According to the 1979 Census of Sverdlovskaya oblast’ the numbers of women involved in non-manual
labour has grown in the period from 1970 to 1978 at 74,000; in manual labour – at 36,000; similar data
for the men involved in non-manual labour was as follows: the growth in non-manual labour was at
22,800; manual – at 121,000.
Conclusion: In Sverdlovskaya obast’, heavy industries are the major employers for men since 1970s (and
this finding is true for the regions outside of the central Russia, Leizerovich, 2008).
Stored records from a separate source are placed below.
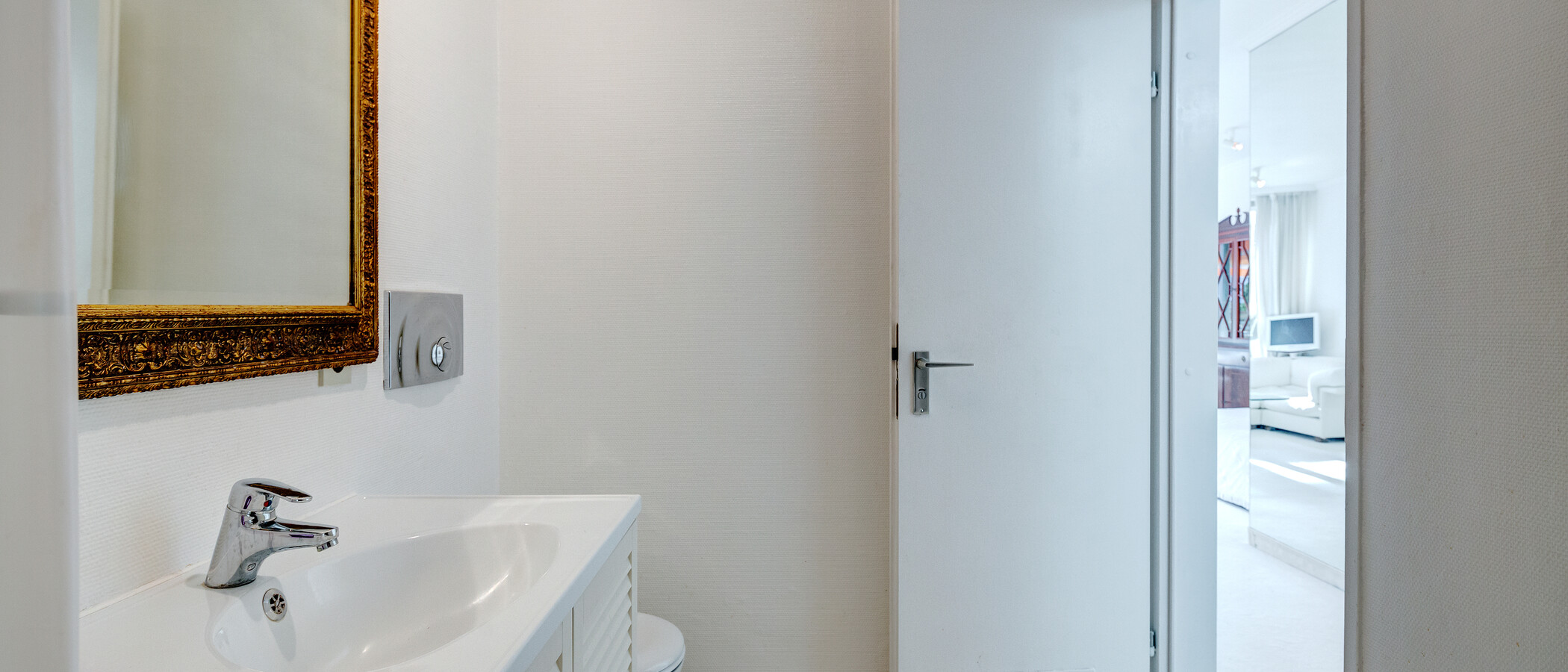 Dachterrassenwohnung München Nymphenburg-Gern 02 Badezimmer 1919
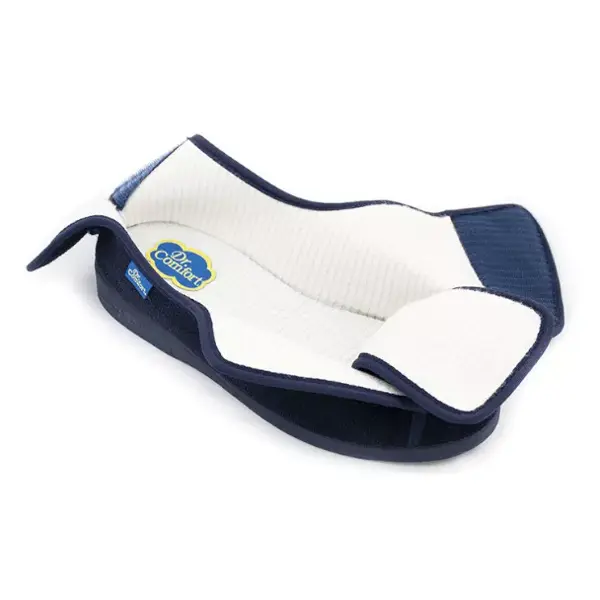 Dr. Comfort Chut Chaussures à Usage Temporaire Franki Taille 44 Bleu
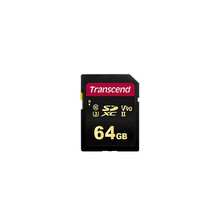 Mälukaart Transcend TS64GSDC700S SDXC, UHS-II, 64GB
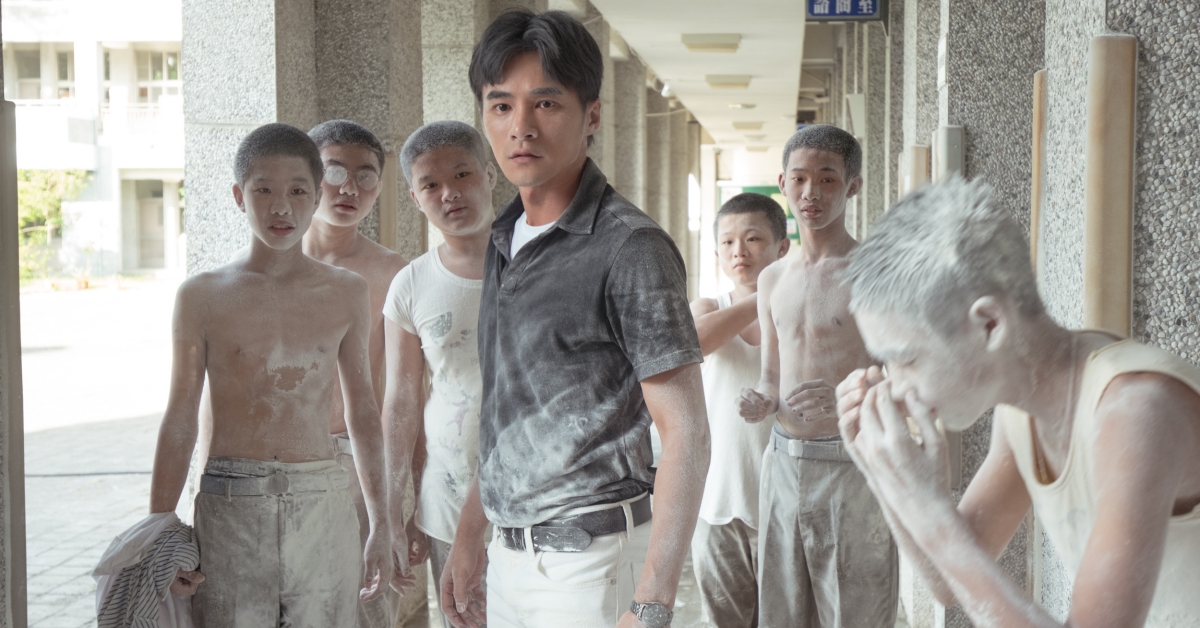 9/25新片快報：《老師你會不會回來》本週噴淚上映！ 新片快報、母親、極地追擊、追龍、老師你會不會回來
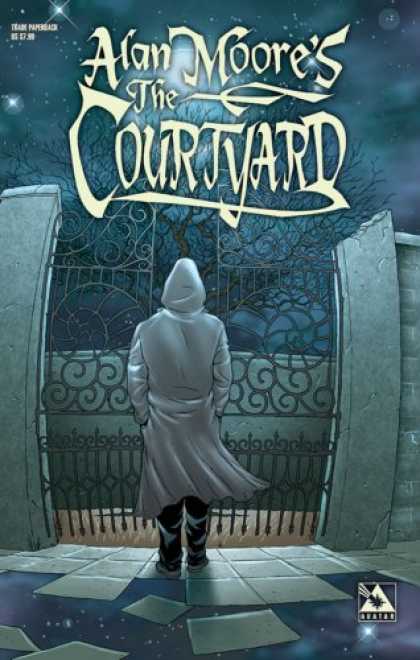 Bestselling Comics (2008) - Alan Moore's The Courtyard (Color Edition) by Alan Moore
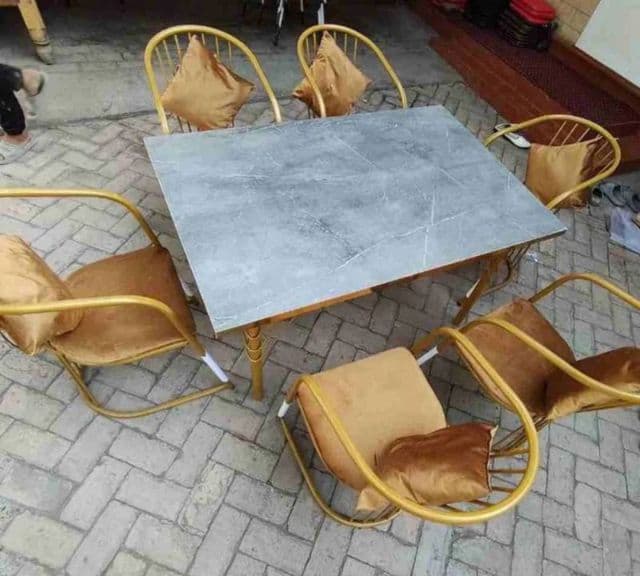 Stol stul komplekt — 1
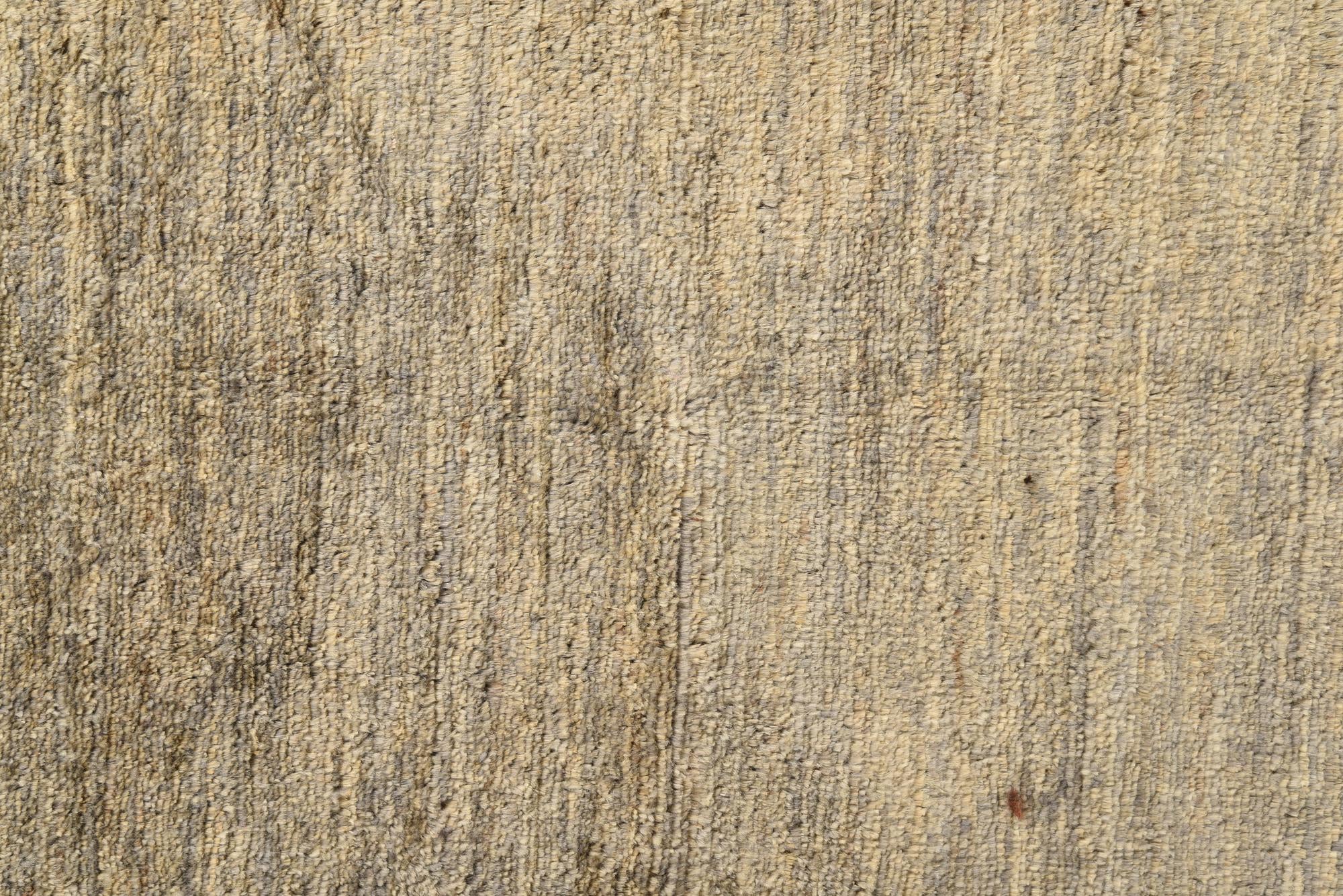 3' 1 x 5' 2 Hand Knotted Modern Ziegler Rug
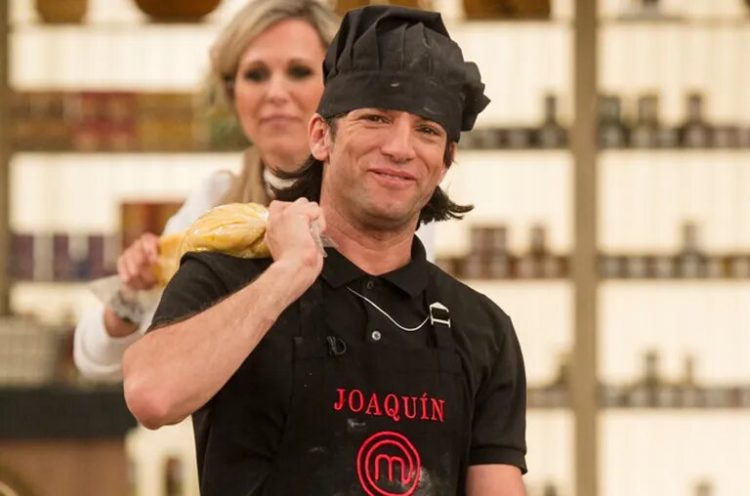 La insólita revelación de Joaquín Levinton tras ser eliminado de MásterChef
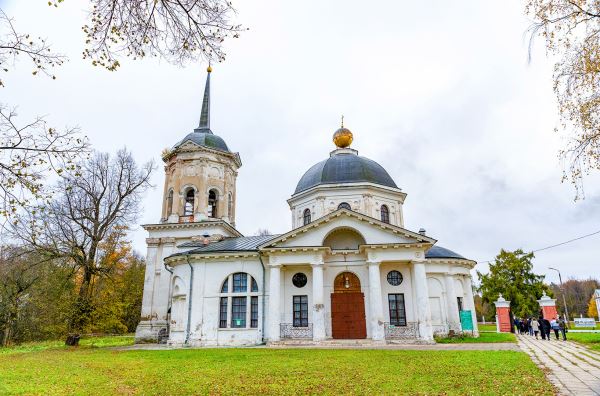 Маршрут выходного дня: лучшие усадьбы Подмосковья. Запад и Северо-Запад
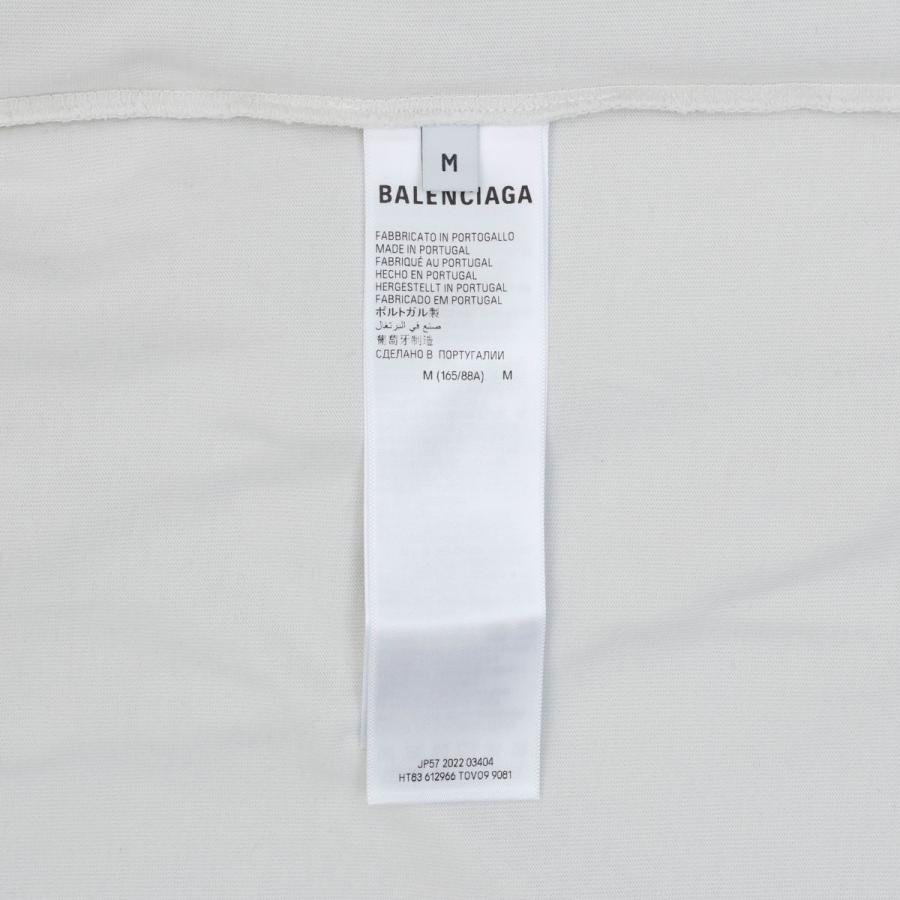 BALENCIAGA バレンシアガ Tシャツ ティーシャツ アパレル BALENCIAGA バレンシアガ Tシャツ ティーシャツ アパレル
Such a division has
important implications for the marriage market, in which there is an occupational gap between men
employed in lower qualified jobs in the industry and women employed in the newly emerging sectors of
the economy, even though in rank-and-file jobs, that are office-based.
12. The results of online monitoring of the marriage agencies:
pattern 2: the dissolution of the military-industrial complex
After MIC collapsed in the Soviet Union, it has changed the landscape of
the world distribution of labour, since the Soviet Union played an
important role in the hi-tech competition with the countries of the
‘’capitalist camp’’, esp. the US, which, subsequently, fuelled the
development of the microelectronics industry across the world, and,
contributed to the reign of the ‘’information society’’ (Lyon, 1988).
MIC was one of the USSR’s major employers: about a quarter of all the
population of the USSR of the working ages, were employed by the MIC in
the end of 1980s (including family members – every tenth citizen of
Russia) (Yuriev, Osaulenko, 2003);
The economic transformation of the 1990s in Russia did not lead to the
strengthening of the industrial potential of the country: there was a
degradation of the industrial system, strengthening of the raw materials’
export orientation. The reasons for this are the availability of the raw
resources and cheap labour force (Romanova, Chenenova et al, 2003).